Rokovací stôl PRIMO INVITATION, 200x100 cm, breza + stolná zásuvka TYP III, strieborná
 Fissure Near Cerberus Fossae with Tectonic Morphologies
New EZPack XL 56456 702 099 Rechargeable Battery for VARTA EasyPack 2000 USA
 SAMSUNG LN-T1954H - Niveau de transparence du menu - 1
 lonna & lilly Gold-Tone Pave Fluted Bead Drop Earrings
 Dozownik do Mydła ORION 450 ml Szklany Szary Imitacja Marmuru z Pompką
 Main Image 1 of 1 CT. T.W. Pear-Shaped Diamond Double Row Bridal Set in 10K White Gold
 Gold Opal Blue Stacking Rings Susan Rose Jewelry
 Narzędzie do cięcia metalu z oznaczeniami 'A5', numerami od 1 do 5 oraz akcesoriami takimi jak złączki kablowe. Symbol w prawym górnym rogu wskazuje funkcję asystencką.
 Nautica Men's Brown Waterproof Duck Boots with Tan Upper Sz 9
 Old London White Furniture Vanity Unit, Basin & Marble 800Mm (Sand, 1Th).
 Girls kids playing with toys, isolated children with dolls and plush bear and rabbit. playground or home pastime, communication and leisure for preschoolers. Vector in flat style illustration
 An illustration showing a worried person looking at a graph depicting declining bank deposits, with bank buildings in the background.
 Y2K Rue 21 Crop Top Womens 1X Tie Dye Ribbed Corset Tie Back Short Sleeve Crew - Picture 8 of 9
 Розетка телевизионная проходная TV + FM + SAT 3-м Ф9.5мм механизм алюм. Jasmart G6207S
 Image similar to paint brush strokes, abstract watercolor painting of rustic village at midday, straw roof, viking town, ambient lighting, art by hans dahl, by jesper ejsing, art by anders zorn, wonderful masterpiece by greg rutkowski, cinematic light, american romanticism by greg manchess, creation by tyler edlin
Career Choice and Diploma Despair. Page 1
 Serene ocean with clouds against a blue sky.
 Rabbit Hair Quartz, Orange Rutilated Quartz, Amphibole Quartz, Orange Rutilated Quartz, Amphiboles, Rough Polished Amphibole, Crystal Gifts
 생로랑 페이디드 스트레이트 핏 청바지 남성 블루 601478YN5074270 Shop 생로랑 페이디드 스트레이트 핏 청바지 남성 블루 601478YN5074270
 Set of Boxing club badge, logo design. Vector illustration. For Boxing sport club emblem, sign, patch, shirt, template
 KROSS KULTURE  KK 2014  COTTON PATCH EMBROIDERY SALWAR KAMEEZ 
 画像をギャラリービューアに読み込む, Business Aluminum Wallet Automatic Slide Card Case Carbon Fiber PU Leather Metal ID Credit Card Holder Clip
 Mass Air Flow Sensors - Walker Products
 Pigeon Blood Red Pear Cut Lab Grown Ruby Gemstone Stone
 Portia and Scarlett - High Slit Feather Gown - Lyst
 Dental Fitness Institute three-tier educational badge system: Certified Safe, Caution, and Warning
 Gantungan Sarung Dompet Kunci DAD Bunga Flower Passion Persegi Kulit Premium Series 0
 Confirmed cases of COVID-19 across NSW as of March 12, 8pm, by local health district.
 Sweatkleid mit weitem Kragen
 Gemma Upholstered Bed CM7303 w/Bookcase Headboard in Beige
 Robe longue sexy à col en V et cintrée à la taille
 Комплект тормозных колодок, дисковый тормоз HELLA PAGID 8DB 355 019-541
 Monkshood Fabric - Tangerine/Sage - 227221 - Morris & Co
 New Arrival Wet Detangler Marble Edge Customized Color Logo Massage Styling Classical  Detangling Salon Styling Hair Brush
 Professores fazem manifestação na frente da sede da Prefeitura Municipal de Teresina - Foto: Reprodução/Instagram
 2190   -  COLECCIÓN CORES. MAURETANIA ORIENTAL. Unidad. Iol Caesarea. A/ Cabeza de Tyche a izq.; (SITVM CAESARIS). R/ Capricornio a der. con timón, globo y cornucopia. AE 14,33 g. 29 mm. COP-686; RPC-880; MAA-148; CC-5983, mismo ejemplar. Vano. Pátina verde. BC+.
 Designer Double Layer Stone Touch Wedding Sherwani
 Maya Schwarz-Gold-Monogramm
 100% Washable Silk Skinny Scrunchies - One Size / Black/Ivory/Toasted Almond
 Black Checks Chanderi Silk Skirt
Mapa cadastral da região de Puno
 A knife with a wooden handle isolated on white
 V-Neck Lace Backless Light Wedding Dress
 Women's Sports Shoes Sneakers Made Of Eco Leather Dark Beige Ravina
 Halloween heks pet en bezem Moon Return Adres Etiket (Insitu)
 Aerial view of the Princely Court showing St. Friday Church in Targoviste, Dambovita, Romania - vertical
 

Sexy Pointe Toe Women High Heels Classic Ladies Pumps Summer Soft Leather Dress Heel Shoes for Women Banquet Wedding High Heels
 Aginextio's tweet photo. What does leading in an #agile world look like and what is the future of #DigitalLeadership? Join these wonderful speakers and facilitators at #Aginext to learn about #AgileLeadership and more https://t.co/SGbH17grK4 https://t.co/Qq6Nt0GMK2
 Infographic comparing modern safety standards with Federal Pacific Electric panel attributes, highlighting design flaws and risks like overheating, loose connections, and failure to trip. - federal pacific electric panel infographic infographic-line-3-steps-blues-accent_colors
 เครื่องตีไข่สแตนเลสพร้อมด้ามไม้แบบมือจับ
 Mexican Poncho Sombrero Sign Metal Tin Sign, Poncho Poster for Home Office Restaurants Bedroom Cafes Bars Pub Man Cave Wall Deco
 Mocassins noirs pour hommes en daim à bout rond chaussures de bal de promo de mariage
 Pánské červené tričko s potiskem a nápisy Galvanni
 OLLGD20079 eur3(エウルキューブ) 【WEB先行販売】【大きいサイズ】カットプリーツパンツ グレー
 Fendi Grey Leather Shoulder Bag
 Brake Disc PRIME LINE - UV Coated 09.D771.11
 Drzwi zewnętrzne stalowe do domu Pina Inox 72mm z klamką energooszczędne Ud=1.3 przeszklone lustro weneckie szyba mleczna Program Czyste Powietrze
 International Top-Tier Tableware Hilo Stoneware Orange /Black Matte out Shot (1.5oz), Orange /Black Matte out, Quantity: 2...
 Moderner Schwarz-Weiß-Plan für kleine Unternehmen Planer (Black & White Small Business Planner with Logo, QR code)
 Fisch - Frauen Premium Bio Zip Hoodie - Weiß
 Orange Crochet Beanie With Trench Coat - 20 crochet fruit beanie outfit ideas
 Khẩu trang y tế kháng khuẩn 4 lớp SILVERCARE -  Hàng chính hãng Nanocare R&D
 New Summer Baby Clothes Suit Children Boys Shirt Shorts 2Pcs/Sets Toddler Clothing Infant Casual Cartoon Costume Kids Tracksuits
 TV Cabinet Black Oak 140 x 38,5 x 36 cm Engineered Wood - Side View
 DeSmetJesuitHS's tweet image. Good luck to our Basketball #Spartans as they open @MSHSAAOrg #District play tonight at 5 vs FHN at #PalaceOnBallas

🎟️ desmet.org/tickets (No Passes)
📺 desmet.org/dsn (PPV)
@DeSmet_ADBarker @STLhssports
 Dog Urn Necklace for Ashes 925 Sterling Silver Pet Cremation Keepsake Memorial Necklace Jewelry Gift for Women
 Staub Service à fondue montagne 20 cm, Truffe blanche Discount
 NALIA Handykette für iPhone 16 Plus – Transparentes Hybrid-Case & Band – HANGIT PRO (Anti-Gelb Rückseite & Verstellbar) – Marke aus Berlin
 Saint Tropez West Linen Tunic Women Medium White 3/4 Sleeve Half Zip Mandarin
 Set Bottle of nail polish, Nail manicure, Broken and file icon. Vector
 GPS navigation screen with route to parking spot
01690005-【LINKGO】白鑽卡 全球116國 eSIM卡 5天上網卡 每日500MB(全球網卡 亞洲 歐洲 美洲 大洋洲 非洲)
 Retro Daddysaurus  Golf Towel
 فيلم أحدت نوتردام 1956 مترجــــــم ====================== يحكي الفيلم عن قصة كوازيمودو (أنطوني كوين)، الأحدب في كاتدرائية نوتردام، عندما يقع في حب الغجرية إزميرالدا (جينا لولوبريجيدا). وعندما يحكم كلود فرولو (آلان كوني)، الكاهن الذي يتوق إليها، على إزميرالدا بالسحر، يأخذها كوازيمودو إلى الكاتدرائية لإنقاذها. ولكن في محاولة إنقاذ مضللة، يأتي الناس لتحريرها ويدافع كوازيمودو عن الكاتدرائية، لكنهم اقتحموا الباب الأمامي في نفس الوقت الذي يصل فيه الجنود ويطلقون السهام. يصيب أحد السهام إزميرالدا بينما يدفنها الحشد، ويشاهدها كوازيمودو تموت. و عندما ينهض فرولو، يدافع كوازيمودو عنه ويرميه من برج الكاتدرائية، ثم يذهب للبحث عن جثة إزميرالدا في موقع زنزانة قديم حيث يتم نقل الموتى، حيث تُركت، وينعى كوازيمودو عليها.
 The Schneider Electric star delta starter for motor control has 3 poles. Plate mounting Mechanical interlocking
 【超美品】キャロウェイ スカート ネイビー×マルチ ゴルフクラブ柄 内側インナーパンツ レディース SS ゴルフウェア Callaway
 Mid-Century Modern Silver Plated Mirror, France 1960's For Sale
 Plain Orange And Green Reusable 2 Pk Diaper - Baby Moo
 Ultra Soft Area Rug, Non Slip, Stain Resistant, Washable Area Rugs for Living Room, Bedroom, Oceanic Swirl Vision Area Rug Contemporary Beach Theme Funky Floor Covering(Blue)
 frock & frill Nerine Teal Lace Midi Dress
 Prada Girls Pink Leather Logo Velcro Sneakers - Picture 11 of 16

Task description: Look above for the line that contains "Black Checks Chanderi Silk Skirt". Starting there, transcribe every line exactly until you have copied the line that contains "เครื่องตีไข่สแ".

Result of this exercise:
 Black Checks Chanderi Silk Skirt
Mapa cadastral da região de Puno
 A knife with a wooden handle isolated on white
 V-Neck Lace Backless Light Wedding Dress
 Women's Sports Shoes Sneakers Made Of Eco Leather Dark Beige Ravina
 Halloween heks pet en bezem Moon Return Adres Etiket (Insitu)
 Aerial view of the Princely Court showing St. Friday Church in Targoviste, Dambovita, Romania - vertical
 

Sexy Pointe Toe Women High Heels Classic Ladies Pumps Summer Soft Leather Dress Heel Shoes for Women Banquet Wedding High Heels
 Aginextio's tweet photo. What does leading in an #agile world look like and what is the future of #DigitalLeadership? Join these wonderful speakers and facilitators at #Aginext to learn about #AgileLeadership and more https://t.co/SGbH17grK4 https://t.co/Qq6Nt0GMK2
 Infographic comparing modern safety standards with Federal Pacific Electric panel attributes, highlighting design flaws and risks like overheating, loose connections, and failure to trip. - federal pacific electric panel infographic infographic-line-3-steps-blues-accent_colors
 เครื่องตีไข่สแตนเลสพร้อมด้ามไม้แบบมือจับ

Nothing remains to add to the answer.